= McCulkin murders =

1974 triple homicide

The McCulkin murders were the murders of Barbara McCulkin (34) and her two daughters, Vicki (13) and Leanne (11), in Queensland in 1974.

== Crime ==
On 16 January 1974, the victims disappeared from their home in Highgate Hill, a suburb of Brisbane, Queensland, Australia. The daughters had been across the street attending a neighbour’s 10th birthday party, returning around 10:30 pm. Their mother had remained at home relaxing and drinking in the company of two men who had arrived in a distinctive coupe.

The McCulkins were reported missing by their estranged husband/father two days later. Investigations revealed an orange 2-door Valiant Charger had been seen in the driveway. Further, the family cats were locked inside, the beds had not been slept in, and the lights and other electrical items remained on. The overall police response was slow and ineffective and the case quickly turned cold.

== Trial ==
On 2 April 1980, Vincent O'Dempsey, the owner of the Charger and a criminal acquaintance of the husband, and Garry Dubois, were charged with their abduction and murder.

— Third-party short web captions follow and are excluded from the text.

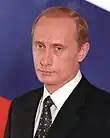 RussiaVladimir Putin, President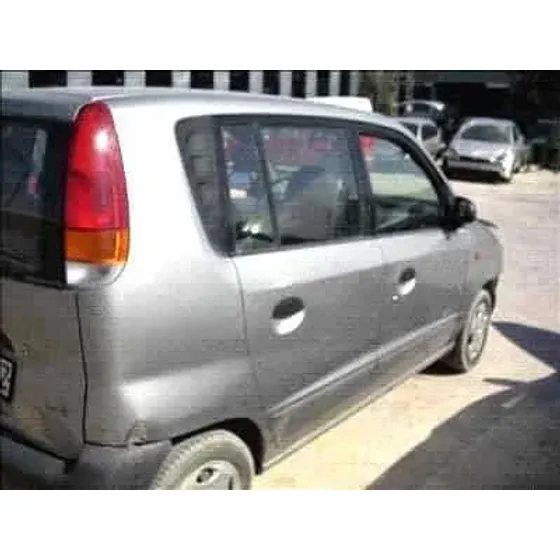 HYUNDAI ATOS (MX) '1997 1.0 CAT GRIS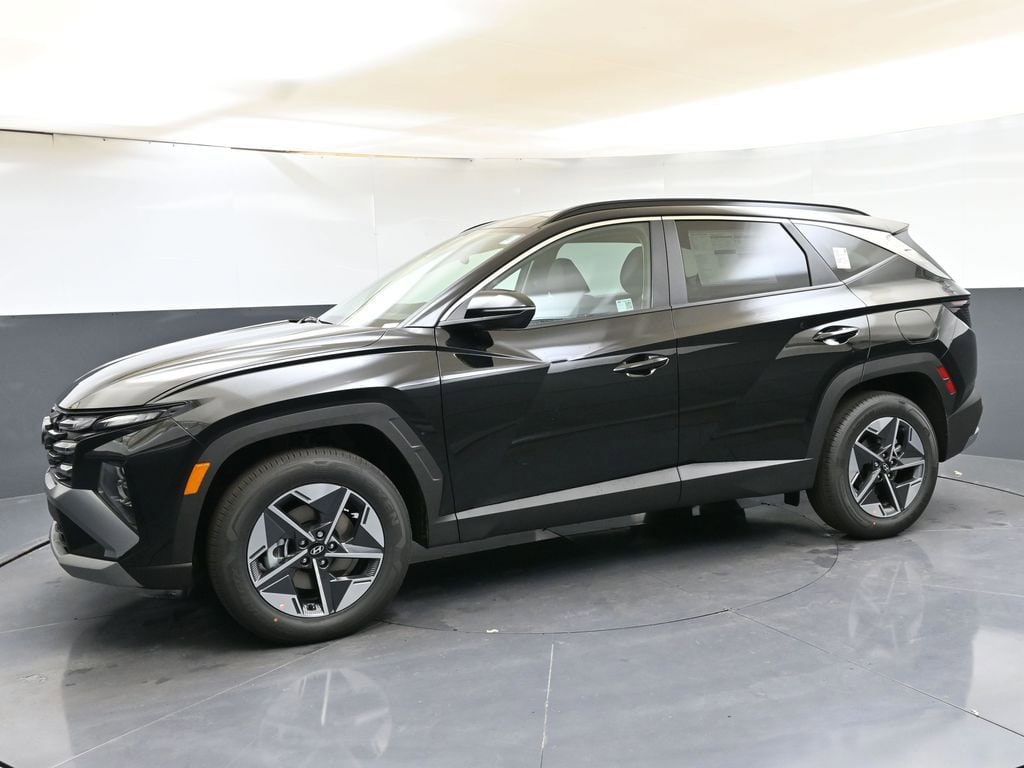 Used 2025 Hyundai Tucson Hybrid SEL Convenience SUV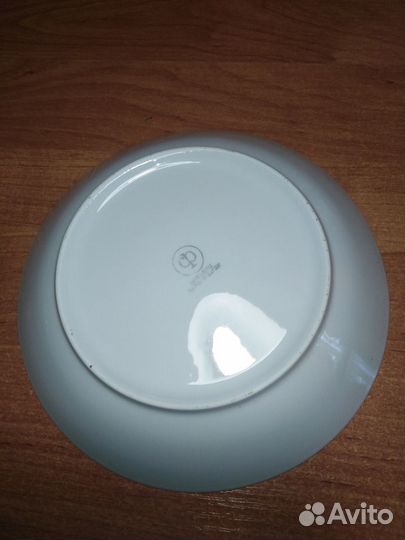 Тарелка гдр кольдиц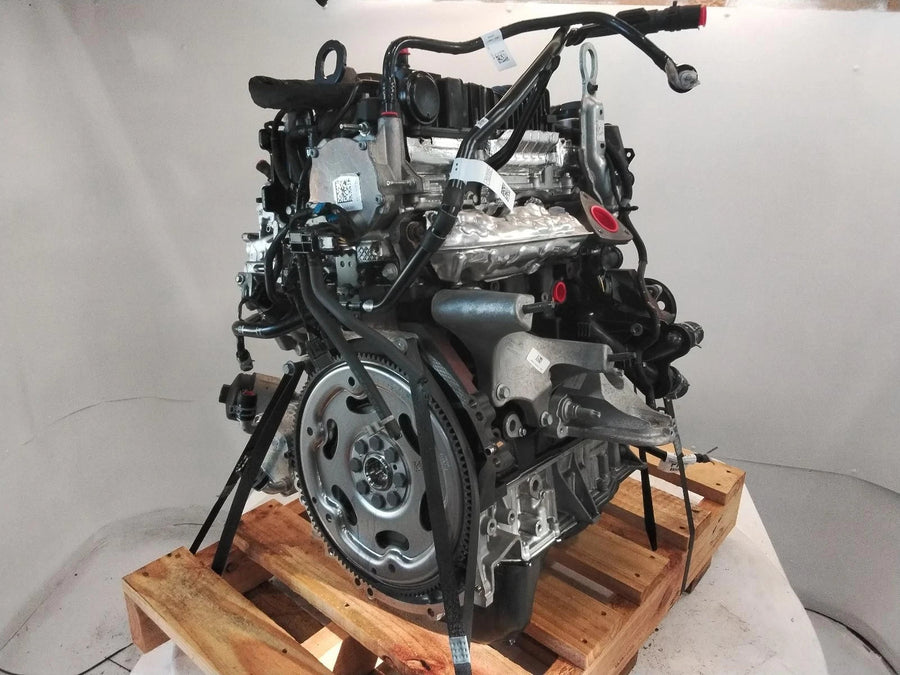 VOLKSWAGEN AMAROK 2.0L TURBO DIESEL ENGINE DXKB 2022-2025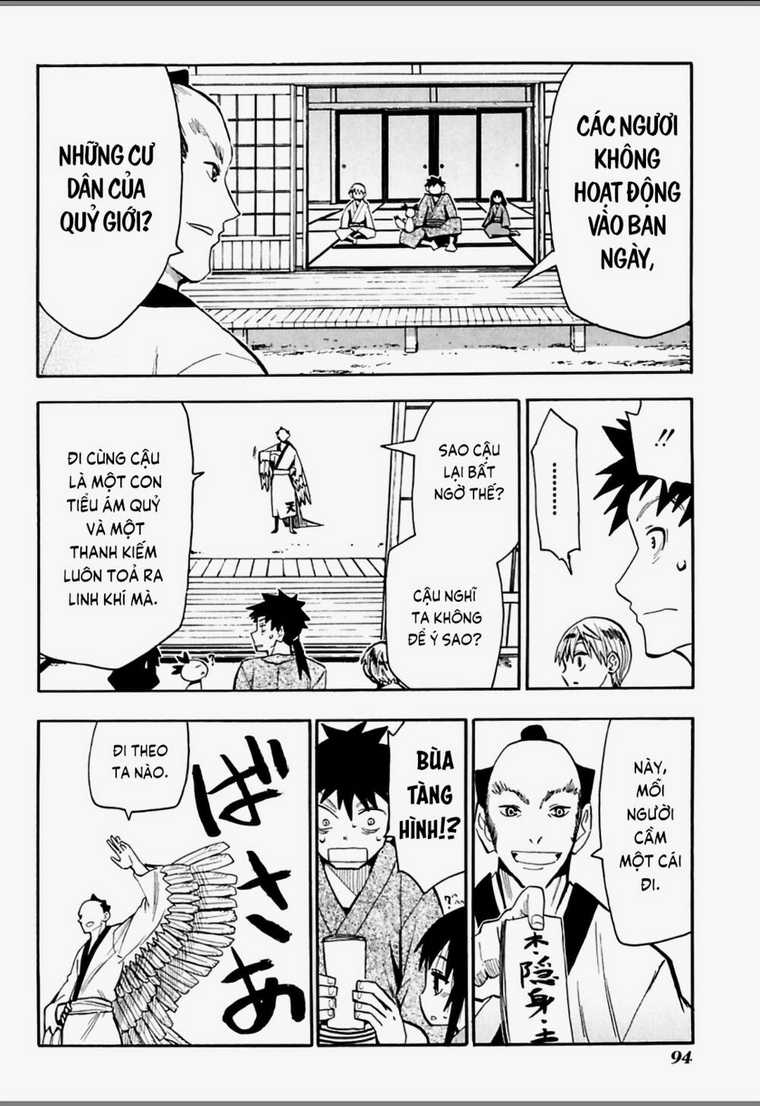 Sengoku Youko - Chapter 43 - Trang 18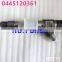 100% original and brand new diesel  common rail injector 5801479314 0445120361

The case, however, fell apart due to insufficient evidence.

After a tipoff to Crime Stoppers, in October 2014, the pair were finally charged again based on information that the victims had been tied up, driven to bushland, raped, strangled, and buried. On 28 November 2016, Dubois (then aged 69) was found guilty of the murders. On 26 May 2017, O'Dempsey (then aged 78) was also found guilty of murder. Both were sentenced to life imprisonment on 1 June 2017.

The next day, Queensland Attorney-General Yvette D'Ath announced that the state government would re-open the coronial inquest into the March 1973 Whiskey Au Go Go fire. Another related case was the 23 February 1973 firebombing of Torino’s Nightclub, an insurance scam organised by Dubois on O’Dempsey’s orders. Justice Peter Applegarth said "it was clear Barbara McCulkin knew enough about each of the pair's roles in the nightclub bombings at the time for them to want to silence her."

== Media ==
60 Minutes covered the case and the trial in 2017 in a report called "Breaking the code". Both arson cases, the murders, and Dempsey’s extensive criminal history were extensively reviewed in 2020 in an 8-part Australian crime podcast titled Ghost Gate Road by journalist Matthew Condon.